The wheat used is from Washington. That’s an important point for the couple, who believes if the land surrounding the wheat isn’t healthy then neither is the wheat because it’s growing there.
“We use no yeast here. Everything we do here is grown from a starter,” Kris explained of the 12 different varieties of bread currently offered. That includes the cafe bread, which was originally not intended to be sold in the store.
“The wheat is not sifted, so all the natural ingredients are left in it. So you’re getting nutrition when you eat this bread. It is the bread of life,” she stated.
“The sourdough is the backbone of the business,” Kris continued, sharing that many of the meals created by Chef Stephen Rinauro highlight the bread.
“It’s a dine-in experience, elevated by local, sustainable, organic foods,” Chef Rinauro stated.
With 33 years of experience as a chef, as well as a former farm to table cafe owner himself, Rinauro was a welcome addition to the team at the start of 2023, as the Henderson couple began their plan to “pivot” the business.

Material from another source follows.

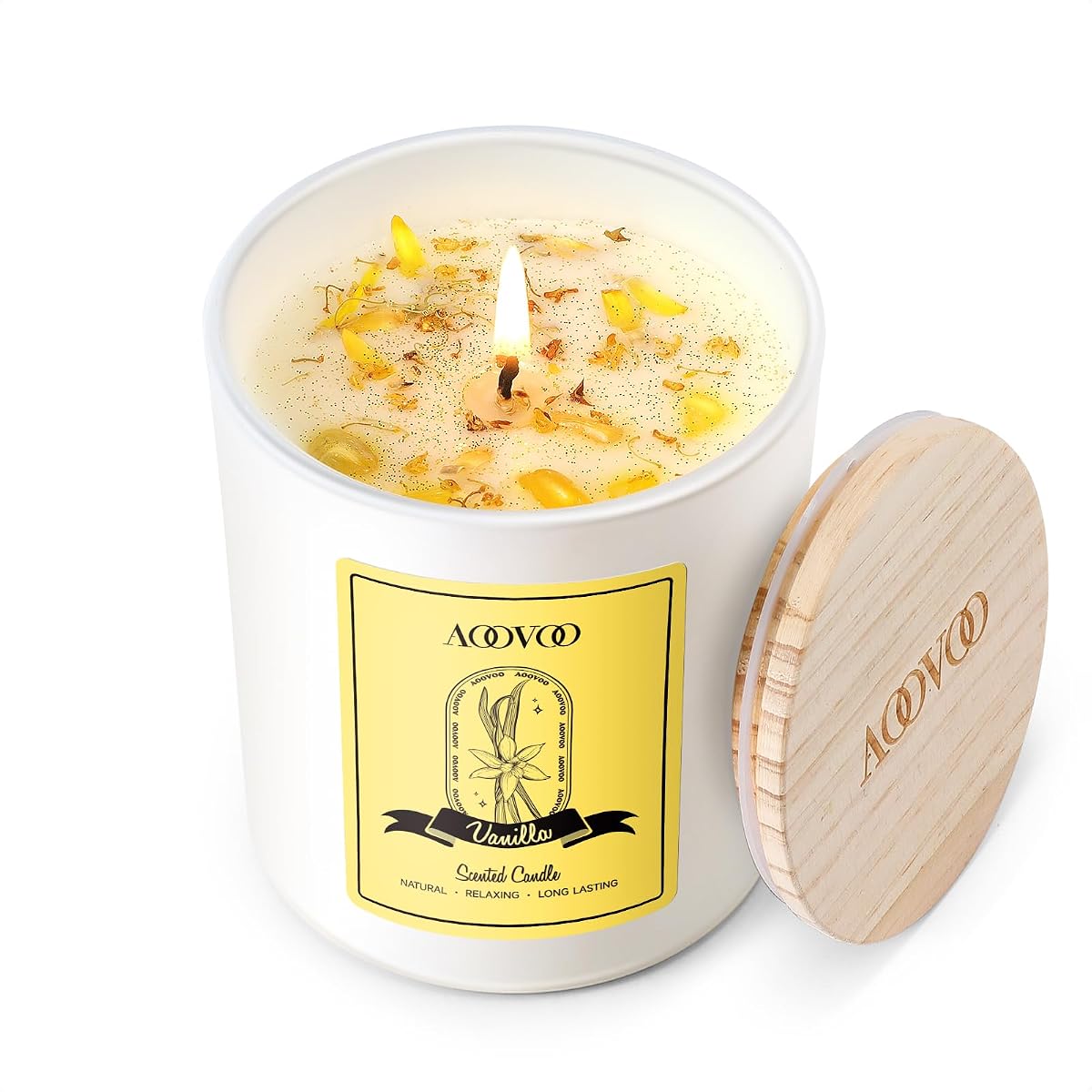 AOOVOO Velas perfumadas de vainilla para mujer – Vela de aromaterapia con cristales en el interior, velas de soja de 7 oz para el hogar, regalos de cumpleaños, vela del día de la madre para mujer mamá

“We are an ingredient and produce driven program here,” he continued.
Rinauro further shared the core value of his creations are vegetables but meat is also part of the menu. Everything is made to order, a true farm to table cafe.
As the company pivots and the cafe grows, the addition of wine and beer is something the team is excited to share with the 209.
“We are partnering with the most amazing little sustainable vineyard. People that grow their own grapes, bottle their own wine and so we’re staying in that same brand,” Kris stated excitedly. “We’re focusing on an organic wine. Wines that are clean, no added chemicals, no added ferments, wild fermentation. Just like our sourdough.”
As the cafe and beverage service expand, the Henderson duo highlighted equal importance of continuing to offer fresh, local, sustainable foods in a smaller portion of what was once the market area of the space.
“Klean Eatz is a place you can come to and you can trust your food. We are 100 percent transparent. It’s a place that you can come to and we’ll educate you about your food,” Kris said.
“Being able to bring an element of direct service, full service, shared plates and keeping people in house and keeping food out of to go boxes,” Chef Rinauro said of the ultimate goal of the kitchen.
“My favorite thing about running this business is the challenges. Even though at night when you’re really overwhelmed and tired, you get up the next day and God gives you the strength to do it again,” Kris summarized. “The challenges, as hard as it is to say that, those are the things that I really thank the Lord for daily. I know in the end those are the things that are going to make Klean Eatz what it’s going to be in the future.”
Klean Eatz is at 222 West River Road, Ripon. Hours of operation as well as current meal offerings may be found on their website: www.kleaneatzmarketbakery.com.